# Biological Neural Networks

Consider the functioning of a biological neuron system

It would consist of multiple neurons connected to each other, which would send signals to each other.
The signal transmitted could either excite or inhibit the target neuron.

And the output signal of the neuron can vary in magnitude based on the amount of excitation.

The output is always non-negative as a neuron is incapable of producing a "negative signal"

# Mathematical Representation
Thus, we aim to represent the network as a mathematical function.

Suppose that we model the neuron as having non-negative output, which models the biological neuron where it is fires a signal or not; where there is no "negative" signal.

We denote the n inputs as $x_i$ for 1 to n

A simple way to accumulate the signals at the neuron (where y is the signal received by the neuron) would simply be 

$$y =  \sum ^ n _ 1 x_i$$

However, this fails to capture the possible inhibitory nature of the input signal. And this model treats all input signals as having equal effect on the output, which is not the case in the biological neuron.

Thus, to account for this behaviour, we would incorporate weights ($w_i$) to each of the input signal, resulting in 

$$y =  \sum ^ n _ 1 x_i w_i$$

Since we allow the weights to be negative, we can allow certain input signals to be treated as inhibitory to the neuron.

Now, consider the case where there is many inhibitory signals.
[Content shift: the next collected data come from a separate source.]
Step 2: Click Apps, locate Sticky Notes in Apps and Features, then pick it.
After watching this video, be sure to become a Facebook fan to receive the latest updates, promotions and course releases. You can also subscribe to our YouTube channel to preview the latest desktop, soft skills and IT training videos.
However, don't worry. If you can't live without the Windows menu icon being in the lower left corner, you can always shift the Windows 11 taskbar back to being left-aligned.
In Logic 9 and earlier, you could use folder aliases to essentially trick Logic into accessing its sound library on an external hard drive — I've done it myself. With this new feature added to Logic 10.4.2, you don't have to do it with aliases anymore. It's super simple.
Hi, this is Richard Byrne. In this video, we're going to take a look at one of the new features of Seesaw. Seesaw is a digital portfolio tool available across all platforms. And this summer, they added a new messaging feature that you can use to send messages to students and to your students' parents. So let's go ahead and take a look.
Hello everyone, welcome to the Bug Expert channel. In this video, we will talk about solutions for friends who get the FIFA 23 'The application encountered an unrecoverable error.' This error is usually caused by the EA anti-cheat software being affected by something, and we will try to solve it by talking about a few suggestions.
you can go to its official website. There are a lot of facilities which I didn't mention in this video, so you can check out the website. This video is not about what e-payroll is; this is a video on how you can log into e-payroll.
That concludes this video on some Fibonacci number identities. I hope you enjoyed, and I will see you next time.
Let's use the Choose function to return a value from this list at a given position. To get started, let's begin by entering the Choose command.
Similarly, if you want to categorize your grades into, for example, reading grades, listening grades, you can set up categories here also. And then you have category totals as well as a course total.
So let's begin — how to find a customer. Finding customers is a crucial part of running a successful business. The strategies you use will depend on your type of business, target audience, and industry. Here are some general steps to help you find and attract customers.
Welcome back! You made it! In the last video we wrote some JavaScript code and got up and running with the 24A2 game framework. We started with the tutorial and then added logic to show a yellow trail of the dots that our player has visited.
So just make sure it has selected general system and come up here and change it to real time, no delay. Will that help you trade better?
This may result in the resulting sum to be negative, which would violate our model that requires the output to be positive.

Secondly, also consider the case where there is many excitory input signals, it may result in an unboundedly large output signal, which may not model real-life neurons which have a limit to how much output it can produce.

Thus, to closely model these traits, we incorporate a "squash" function that aims to clamp the values of the output between 0 and 1. Squash functions includes step function and sigmoid function.

We also incorporate a bias term into the squash function $\varphi$ to act as the threshold for that specific neuron to fire.

$$y =  \varphi (\sum ^ n _ 1 x_i w_i - b)$$

Thus, this concludes our mathematical model of the neuron.

For ease of notation, in a particular neuron k,

$$u_k = \sum ^m_{j=1} w_{kj}x_j$$

$$y_k = \varphi (u_k+b_k)$$

$x_1\dots x_m$: the input signals

$w_{k1}\dots w_{km}$: the synaptic weights of neurons

$u_k$: the linear combiner output due to input signals

$b_k$: the bias

$\varphi (\cdot)$: the activation function

$y_k$: the output signal

$v_k = u_k + b_k$: induced local field


# Mathematical Simplification
Alternatively, we can formulate the model as:

$$v_k = \sum ^m _{j=0} w_{kj}x_j$$

$$y_k = \varphi(v_k)$$

Where we incorparate the bias as part of the input signal with $x_0 = 1$ and $w_{k0} = b_k$

This allows us to compute the bias together with in the input rather than being a seperate step.


# Network Architectures

## Layered Feedforward Networks

* Nodes are separated into subsets called layers

* There are no connections from layer $i$ to layer $j$ if $i > j$

* Intra-layer connections (connections within the layer) may exist

## Single-Layer Feedforward Networks

The layer refers to the output layer, we do not count the input layer because there is no computation there.

## Multi-layer Feedforward Networks

Input of each layer is the output signal of the preceding layer only.

There will be one or more hidden layers between the input and output layers, which contains hidden neurons that will provide useful computation before the signal reaches the output layer.

## Recurrent Neural Networks

As feedback is common in a biological nervous system, we can have networks where the neuron's output is used as inputs in the previous layer or even in the same neuron.

# Learning
Neural network acquires knowledge via a **learning process**, where knowledge is stored as **synaptic weights**
## Supervised Learning
A "teacher" will provide the desired output for a given input and the neural network will adjust according to the error signal
## Reinforcement Learning
Network learns by making various actions, and a learning system will reward/penalized the network based on its actions. There is no explicit error signal
## Unsupervised/Self-organized Learning
Weights are purely adjusted based on input signals


# Benefits of Neural Networks

## High computational power

1. Generalization is possible, to produce reasonable outputs for inputs never encountered during training
2. Has massively parallel distributed structure which allows for parallel computation

## Properties

1. Nonlinearity
2. Adaptivity (plasticity): Able to adapt their weights to changes in environment
3. Fault tolerance: If a neuron/synaptic link is damaged, the overall response may be unaffected because the information is stored in a distributed manner.